WORK INSTRUCTIONS: Output the line that contains "A modern white" together with each line after it, through the final line of the listing below, word for word; omit pictures.
SUPPLIED DATA Start Marker
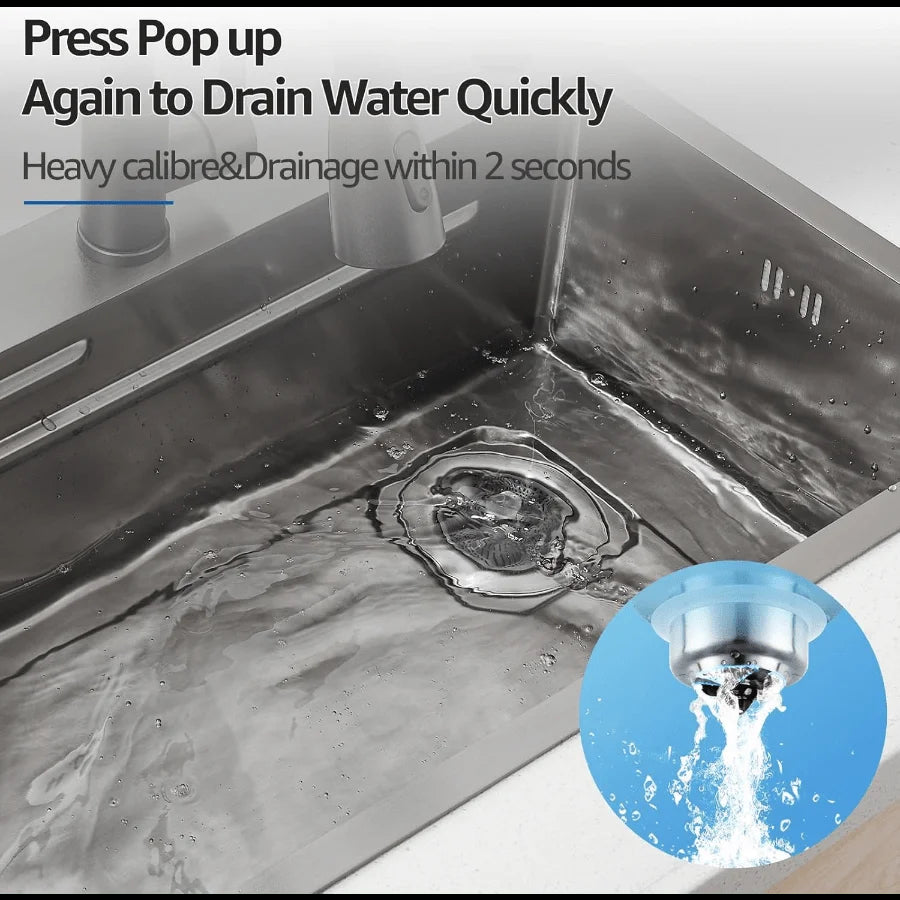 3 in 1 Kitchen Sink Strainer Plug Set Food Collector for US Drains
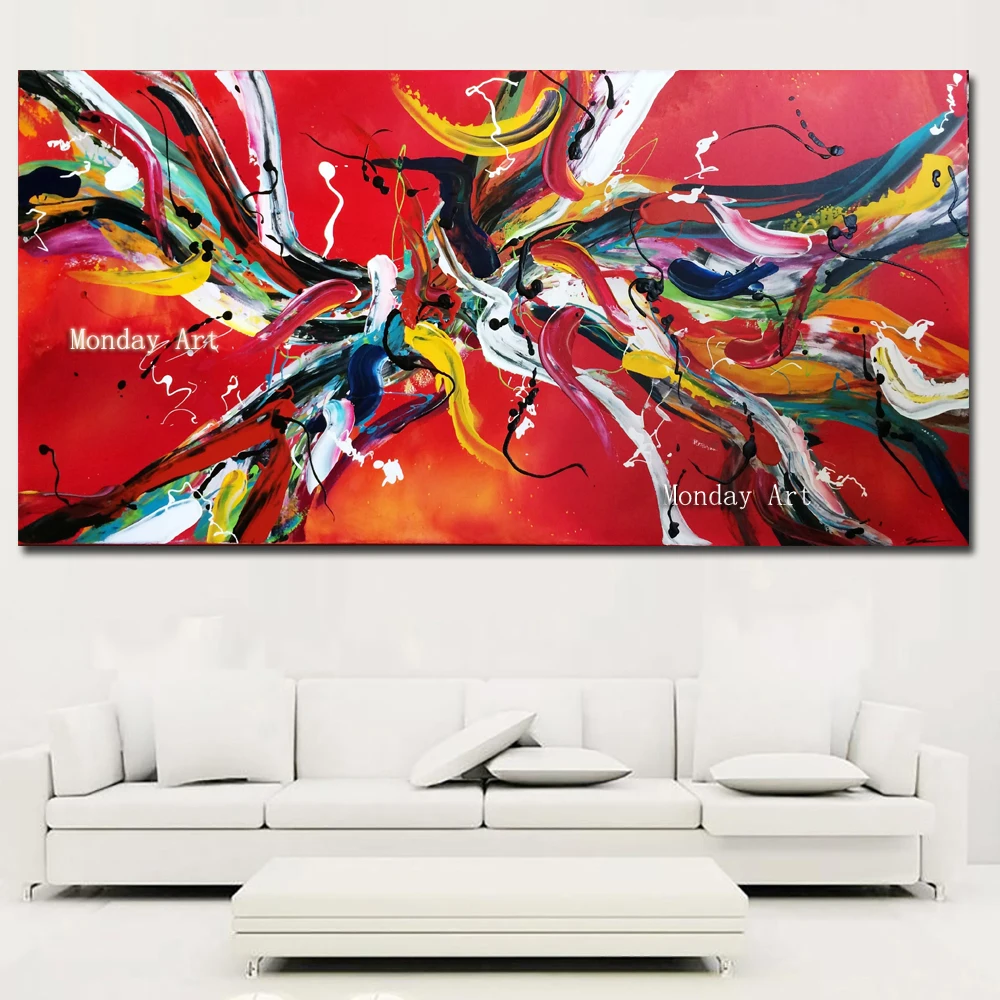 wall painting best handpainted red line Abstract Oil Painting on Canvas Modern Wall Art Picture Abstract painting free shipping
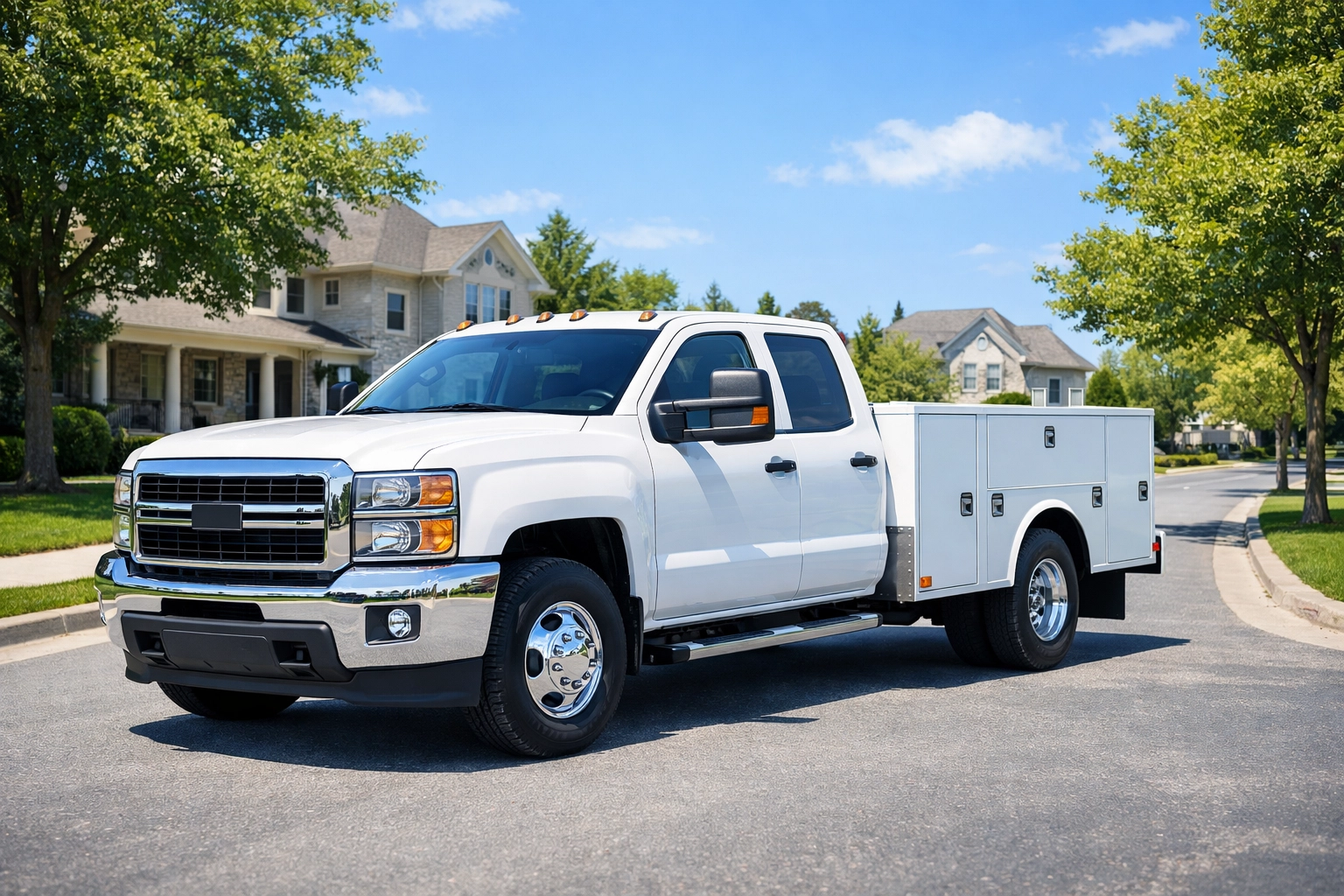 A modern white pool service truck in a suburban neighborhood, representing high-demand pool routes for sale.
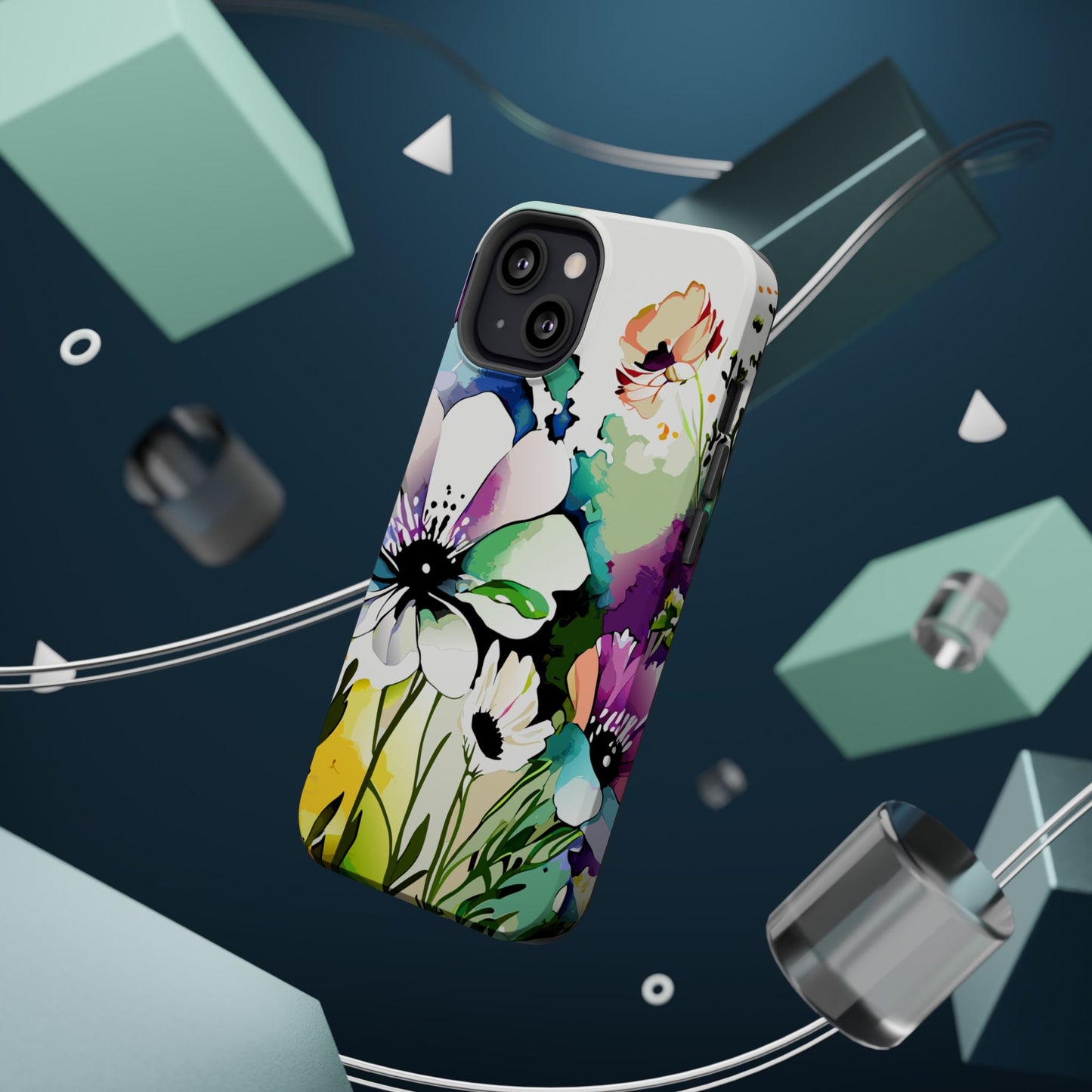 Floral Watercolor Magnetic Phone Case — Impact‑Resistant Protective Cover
SUPPLIED DATA End Marker
EXPECTED OUTPUT:
 A modern white pool service truck in a suburban neighborhood, representing high-demand pool routes for sale.
 Floral Watercolor Magnetic Phone Case — Impact‑Resistant Protective Cover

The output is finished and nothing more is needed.